Il s'agit d'une "recherche action" menée puis expérimentée
sur les 2 années 2001-2002. Cette recherche a pris corps au sein d'une
équipe confrontée à des élèves dont la majorité
connaissent des difficultés sur les plans scolaires et relationnels :
leurs comportements, qui ne sont pas toujours maîtrisés, sont souvent
la traduction d'une rupture avec des normes scolaires refusées parce
que leur finalité n'est pas saisie sur le plan individuel. De nombreux
cours se caractérisent ainsi par un désordre organisé,
orchestré ou, au contraire, par une présence passive et silencieuse,
enveloppe d'une absence intérieure .
Or, dans ce contexte, des actions déjà entreprises à la
périphérie des cours (cour de récréation, actions
humanitaires en accord avec la mairie, etc.) avaient conduit au constat certain
qu' une réflexion menée, avec les élèves, sur la
dimension signifiante du "lien social" aidait chaque élève
à se donner ses propres repères au sein du tissu social, et semblait
par ailleurs progressivement diminuer l'incivilité ambiante. Est né
alors, au sein de l'équipe des enseignants, le désir de faire
cheminer cette finalité, externe à la classe, vers une finalité
interne à la classe : de faire en sorte d'arriver à créer
dans la classe, au moyen de la discipline enseignée, un espace d'engagement
social signifiant ; de rechercher les outils pédagogiques qui pouvaient
faire advenir en l'élève une intégration intérieure
de la sociabilité ; de recourir au programme -classe non point pour imposer
une contrainte supplémentaire, mais comme une chance pour éveiller
en chaque élève les potentialités de sujet rationnel et
social.
àTrois enseignants ont alors , au sein de leurs disciplines (Anglais,
SVT,Français), tenté de construire la socialisation en prenant
appui sur les savoirs propres à leurs disciplines. Ils ont mis en place
des séquences didactiques reliées à des pratiques sociales,
et ont repensé leurs pratiques pédagogiques en fonction de la
socialité.
àDeux autres enseignants ont tenté d'inscrire plus profondément
le savoir relationnel dans les comportements des élèves , en le
retravaillant dans des séquences lors de la vie de classe.

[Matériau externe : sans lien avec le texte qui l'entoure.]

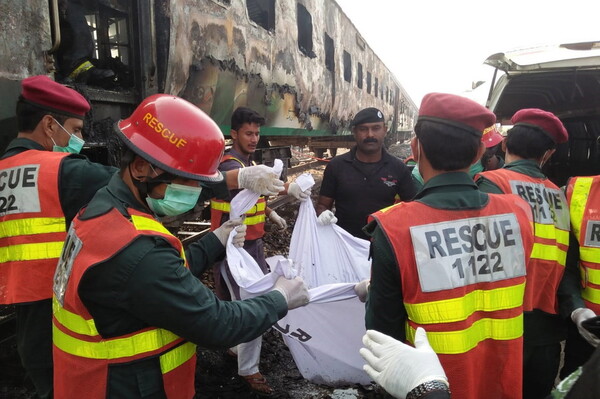Τραγωδία στο Πακιστάν: Τουλάχιστον 65 νεκροί από πυρκαγιά σε τρένο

Ces différents moments, ont peu à peu, donné naissance
à une mémoire collective du groupe classe, mémoire cristallisée
autour de situations scolaires qui ont nécessité une connaissance
du relationnel et qui ont instauré coopération et échange
entre les élèves.
Par ailleurs, l'antécédence des adultes-enseignants dans la coopération
et les échanges a certainement favorisé la coopération
et les échanges des élèves en leur offrant le miroir d'une
démarche dans laquelle ils étaient invités à s'investir.
Celle-ci a pu être plus particulièrement testée par les
élèves lors de séances de travail au CDI, séances
durant lesquelles le professeur de la discipline concernée et le professeur
documentaliste se concertaient, animaient, coordonnaient leurs interventions.

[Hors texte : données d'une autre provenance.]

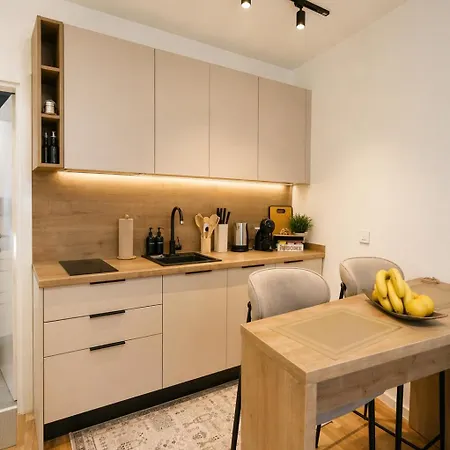Апартаменты Urban Getaway With Free Parking Сараево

L'isomorphisme contribuait donc au développement de l'intelligence sociale.
Pour une approche plus concrète, voici un condensé de 2 séquences,
l'une en Français, l'autre en vie de classe :
1)Eduquer à la citoyenneté : réaliser un compte-rendu poétique
sur le thème de la liberté.
Pourquoi travailler sur la notion de Liberté et de Loi en cours de Français
?
- Le thème de la Liberté met en jeu des tensions importantes qui
structurent l'individu, du simple conflit entre la contrainte du travail et
le loisir à celui qui existe entre le désir de vivre sans enclaves
et la nécessité d'observer une loi pour vivre en société.

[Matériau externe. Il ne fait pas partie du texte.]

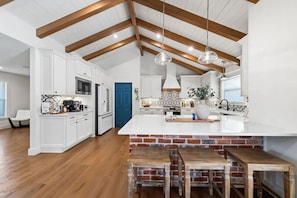 Fridge, microwave, oven, stovetop - Casa Azul-Five-Star Retreat/Heated Pool (San Antonio)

Ces éléments s'affrontent d'autant plus à l'intérieur
de nos élèves qu'ils sont en pleine formation, que ce soit celle
de leur esprit ou de leur corps.
- Le choix de ce thème a pour objectif d'enclencher un respect des valeurs
et principes de la démocratie.
* Au niveau des compétences cognitives : découvrir leurs représentations
de la Liberté et de la Loi, les développer par la découverte
de textes poétiques et de débats argumentatifs pour entraîner
une réflexion et une complexification de leurs connaissances, de leurs
points de vue sur cette notion.
* Au niveau des compétences éthiques : l'élève se
construit lui-même et dans ses relations avec les autres selon des valeurs.
Cette dimension éthique a un aspect affectif et émotionnel qu'il
faut prendre en compte. La citoyenneté ne se réduit pas un catalogue
de droits et d'obligations , elle est aussi appartenance à un groupe,
elle met très profondément en jeu les identités. Par un
travail sur ce thème, qui est une des valeurs fondatrices de notre société,
l'élève peut se découvrir, remettre en cause ses idées,
les échanger et les enrichir, par rapport au groupe mais aussi par rapport
à l'image qu'il se fait de lui ou veut obtenir de lui-même.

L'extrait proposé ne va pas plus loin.